Corey and Juliet walked through the trees. They were both anxious to reach Biddy’s cottage.
The morning air was cold and the flickering light from the fire was a welcoming sight, as they walked up to the front door. Biddy opened it before they had the chance to knock.
“I have been waiting for you,” she stood aside to let them in. “I made some tea and there’s cake if you’re hungry.”
They both asked for tea and cupped their hands around the mugs, glad of the warmth of the tea.
“You’ll be anxious to hear what I’ve learned,” she said after a moment’s silence.
They nodded and waited.
“After I left you yesterday, I went in to the hidden world.”
“I thought you were going up to the castle?” Corey said.
“I was, the entrance to the hidden world is beneath the castle,” Biddy said. “I know what you’re thinking: that I’m a mad old woman who has nothing better to do than fill your heads with my nonsense.”
She held up a hand to still their protests. “It’s all right; I don’t blame you but tell me this. Is it madness to recognise reality? Anyway, I will explain what I can about the hidden world and let you decide for yourselves. The king gave me permission to tell you some of the facts; the rest is up to him.”

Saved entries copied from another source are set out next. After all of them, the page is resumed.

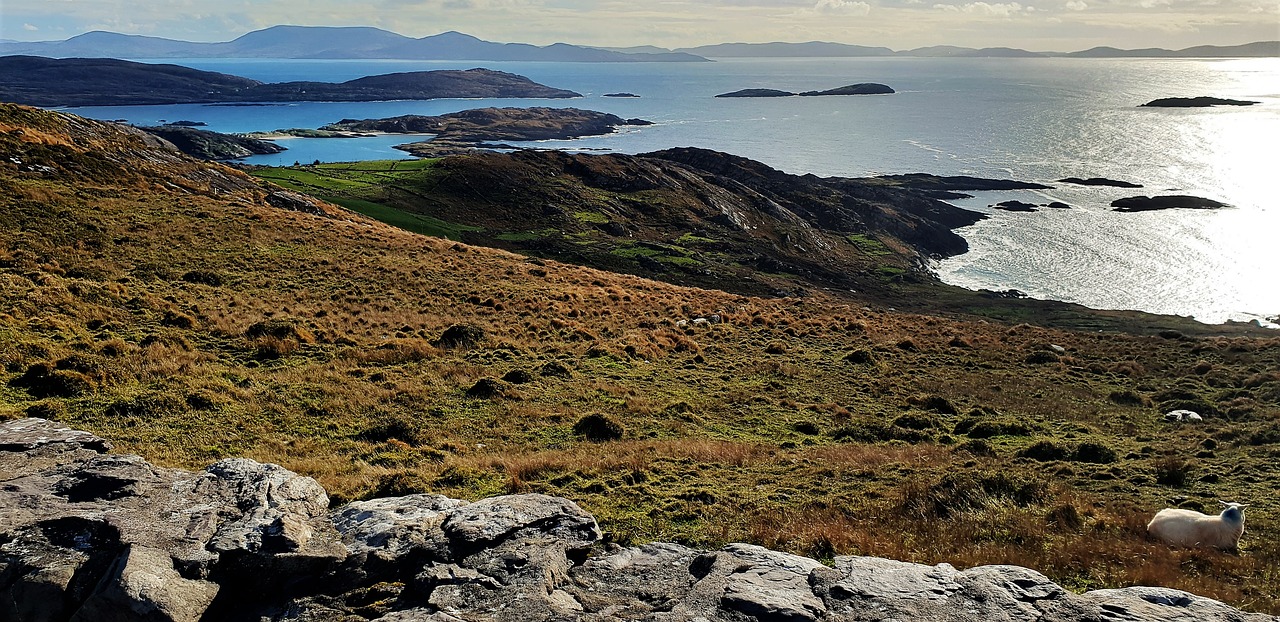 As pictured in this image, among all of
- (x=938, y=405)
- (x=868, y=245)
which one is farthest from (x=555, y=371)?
(x=868, y=245)

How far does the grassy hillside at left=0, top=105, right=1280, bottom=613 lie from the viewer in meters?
11.7

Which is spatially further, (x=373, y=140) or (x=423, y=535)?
(x=373, y=140)

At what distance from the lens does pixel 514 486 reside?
1236 cm

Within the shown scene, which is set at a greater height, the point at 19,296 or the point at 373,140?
the point at 373,140

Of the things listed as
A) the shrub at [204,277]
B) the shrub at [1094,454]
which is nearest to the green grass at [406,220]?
the shrub at [204,277]

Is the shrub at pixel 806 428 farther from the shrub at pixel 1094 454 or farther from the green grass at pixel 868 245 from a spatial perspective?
the green grass at pixel 868 245

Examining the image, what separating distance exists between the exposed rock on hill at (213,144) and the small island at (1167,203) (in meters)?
160

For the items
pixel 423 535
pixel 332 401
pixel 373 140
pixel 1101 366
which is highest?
pixel 373 140

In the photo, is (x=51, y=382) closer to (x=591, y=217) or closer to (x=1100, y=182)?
(x=591, y=217)

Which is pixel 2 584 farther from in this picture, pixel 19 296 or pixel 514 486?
pixel 19 296

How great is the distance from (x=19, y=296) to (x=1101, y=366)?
39.4 meters

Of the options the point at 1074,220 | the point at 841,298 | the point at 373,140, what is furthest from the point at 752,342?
the point at 373,140

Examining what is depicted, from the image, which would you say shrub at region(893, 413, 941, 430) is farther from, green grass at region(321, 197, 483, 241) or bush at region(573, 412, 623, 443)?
green grass at region(321, 197, 483, 241)

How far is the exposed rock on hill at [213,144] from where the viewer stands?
14400 centimetres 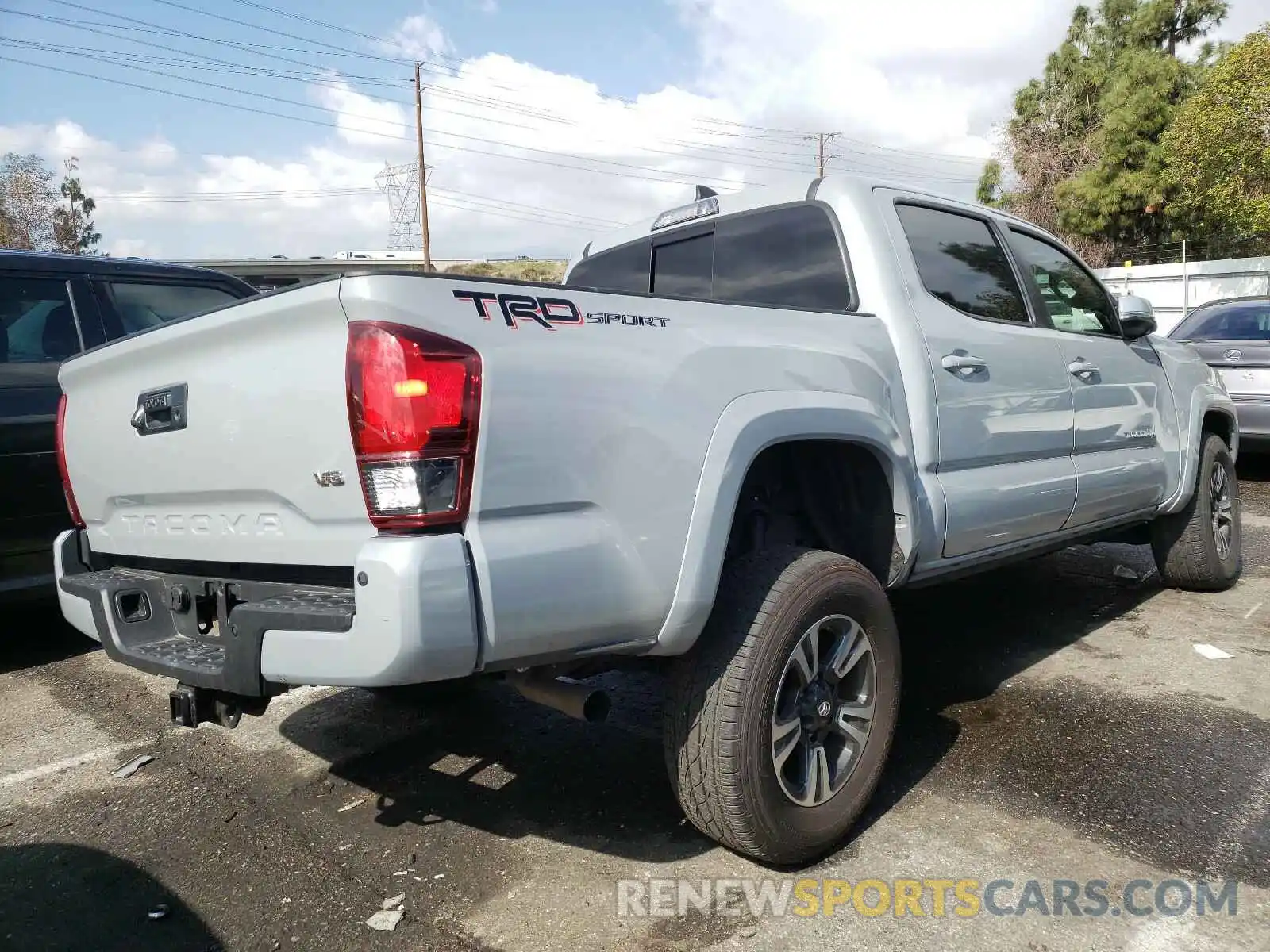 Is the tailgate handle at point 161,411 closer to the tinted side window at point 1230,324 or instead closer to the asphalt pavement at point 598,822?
the asphalt pavement at point 598,822

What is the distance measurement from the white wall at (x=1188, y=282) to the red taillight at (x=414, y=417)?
2121 cm

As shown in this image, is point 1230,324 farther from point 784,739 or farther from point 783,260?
point 784,739

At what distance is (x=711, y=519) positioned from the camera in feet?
7.48

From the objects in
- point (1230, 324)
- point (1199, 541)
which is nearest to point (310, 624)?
point (1199, 541)

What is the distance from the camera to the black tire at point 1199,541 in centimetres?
495

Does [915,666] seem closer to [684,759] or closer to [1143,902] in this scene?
[1143,902]

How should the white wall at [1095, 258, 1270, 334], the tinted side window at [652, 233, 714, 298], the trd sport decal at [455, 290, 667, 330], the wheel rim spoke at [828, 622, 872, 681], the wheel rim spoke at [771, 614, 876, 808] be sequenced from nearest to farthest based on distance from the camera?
1. the trd sport decal at [455, 290, 667, 330]
2. the wheel rim spoke at [771, 614, 876, 808]
3. the wheel rim spoke at [828, 622, 872, 681]
4. the tinted side window at [652, 233, 714, 298]
5. the white wall at [1095, 258, 1270, 334]

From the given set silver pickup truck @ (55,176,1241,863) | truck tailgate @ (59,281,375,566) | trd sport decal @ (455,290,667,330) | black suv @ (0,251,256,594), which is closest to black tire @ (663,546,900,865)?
silver pickup truck @ (55,176,1241,863)

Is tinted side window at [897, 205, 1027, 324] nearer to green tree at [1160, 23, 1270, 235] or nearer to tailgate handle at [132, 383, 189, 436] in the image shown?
tailgate handle at [132, 383, 189, 436]

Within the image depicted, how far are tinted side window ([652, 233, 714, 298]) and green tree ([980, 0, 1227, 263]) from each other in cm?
2773

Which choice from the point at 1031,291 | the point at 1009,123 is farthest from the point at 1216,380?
the point at 1009,123

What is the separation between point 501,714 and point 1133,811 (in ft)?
7.34

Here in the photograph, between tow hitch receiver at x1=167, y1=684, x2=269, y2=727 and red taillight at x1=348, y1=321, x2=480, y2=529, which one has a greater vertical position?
red taillight at x1=348, y1=321, x2=480, y2=529

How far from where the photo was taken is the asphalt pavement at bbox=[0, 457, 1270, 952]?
7.61ft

She spent the next hour or so telling them about the hidden world. They listened in awe as she described a place, they had heard about in fairy tales. Images of Bargamore, Claradon Faranord and the Ereban Forest swam in their heads, as they tried to envision the places she spoke of. Biddy’s gift for storytelling is unsurpassed, and her descriptions filled them with wonder.
“I know it’s hard to take all this in,” she said. “You are modern children who know nothing beyond television and computers. Here, in this barren place, we are content to live alongside all sorts of creatures be they elf, fairy or even the dead. Though you might not want to believe it, the mortal and fairy world are entangled and interwoven more than you realise.”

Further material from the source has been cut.